Exercise:
Pictures are to be dropped, and only the lines from the one containing "Brightening And Flashing" through the end of the data below are to be reproduced as written.

Data for this exercise:
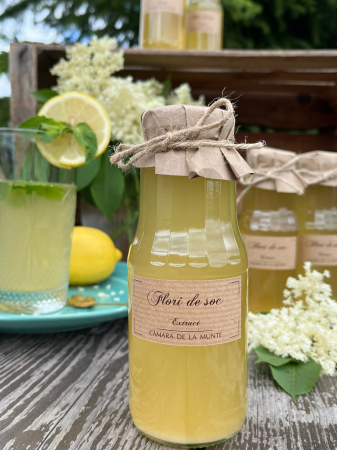 Sirop de casă - Extract de flori de soc 300 ml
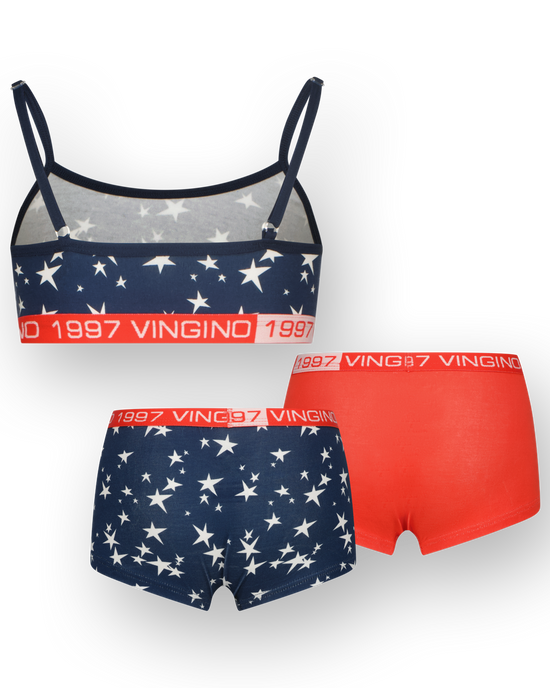Hipster G-251-17 star multi 3-pack
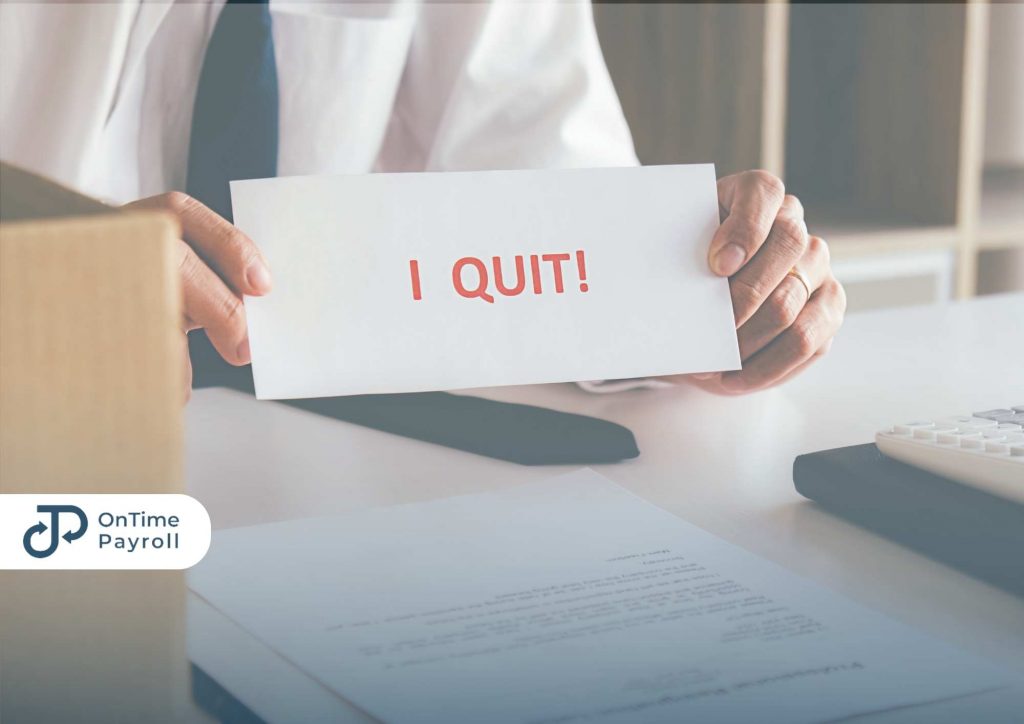 cara resign kerja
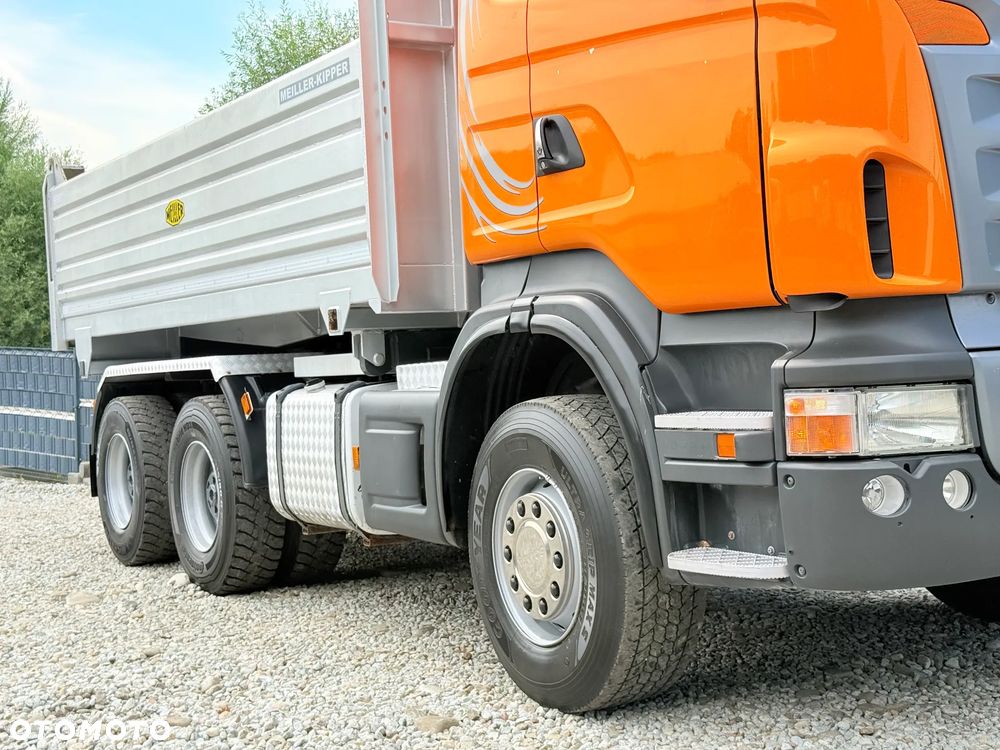 Scania * Scania R500 V8  * Kiper / Wywrotka * 6x4 * Bordmatik * Wechselsystem Kiper Ciągnik Siodłowy - 32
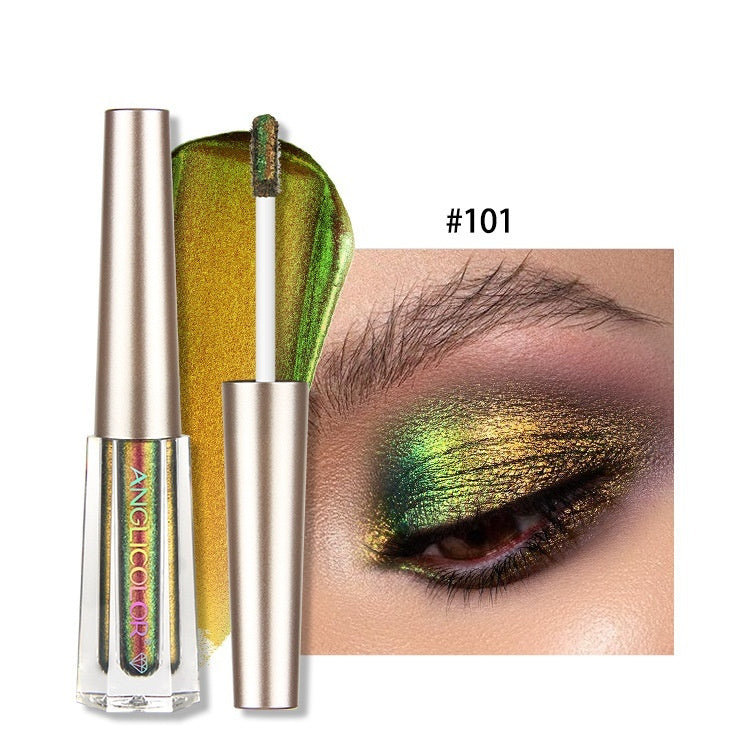 Brightening And Flashing Three Colors Liquid Eye Shadow
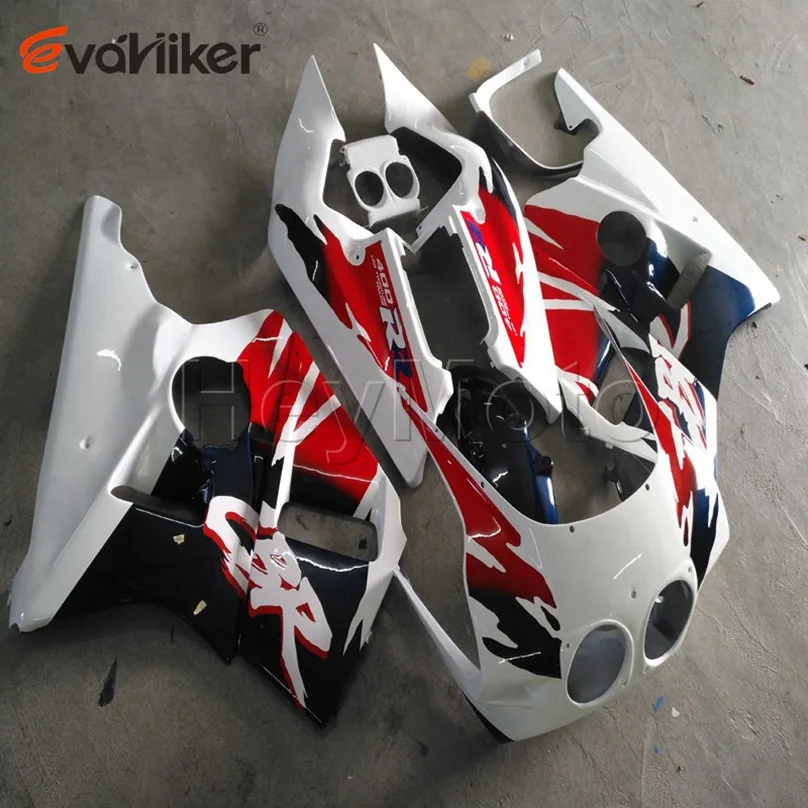 

motorcycle cowl for CBR400RR NC23 1988 1989 white CBR 400 RR 88 89 ABS motorcycle fairing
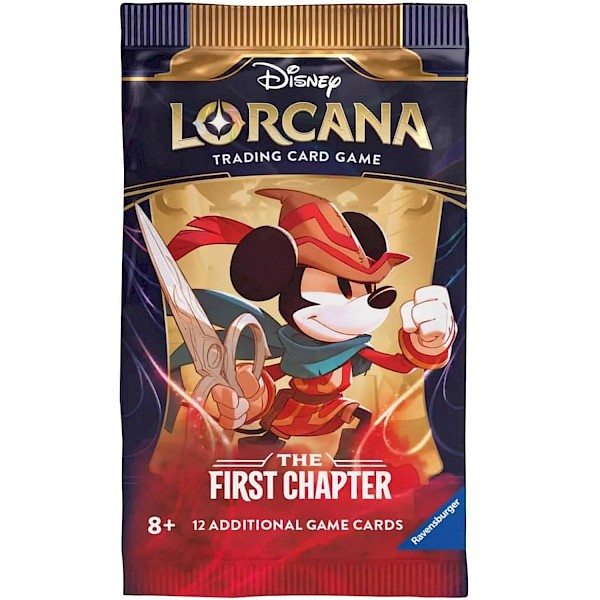 Disney Lorcana: The First Chapter Booster Pack (Japanese)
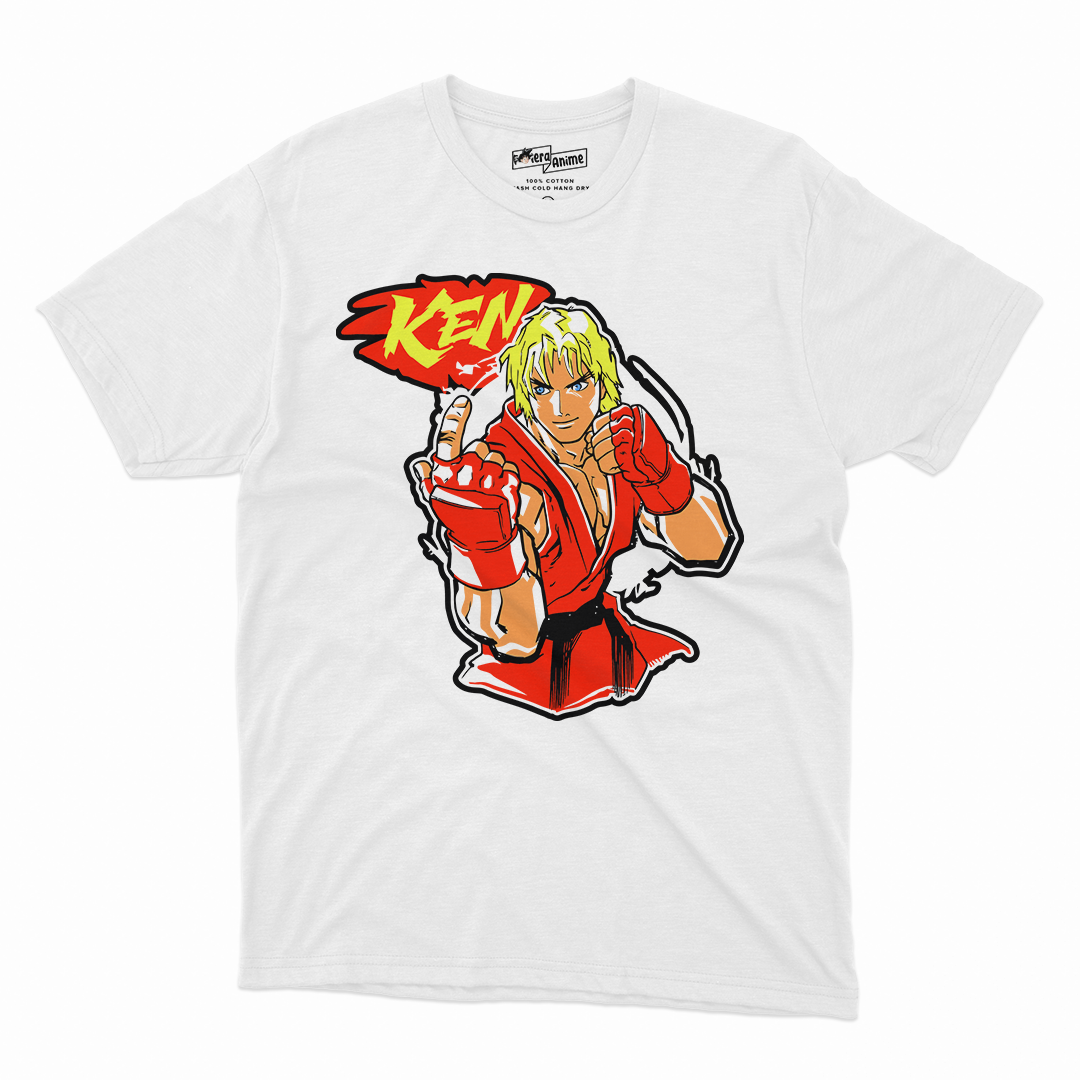 Polera Video Juegos- SF Ken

Your solution:
 Brightening And Flashing Three Colors Liquid Eye Shadow

motorcycle cowl for CBR400RR NC23 1988 1989 white CBR 400 RR 88 89 ABS motorcycle fairing
 Disney Lorcana: The First Chapter Booster Pack (Japanese)
 Polera Video Juegos- SF Ken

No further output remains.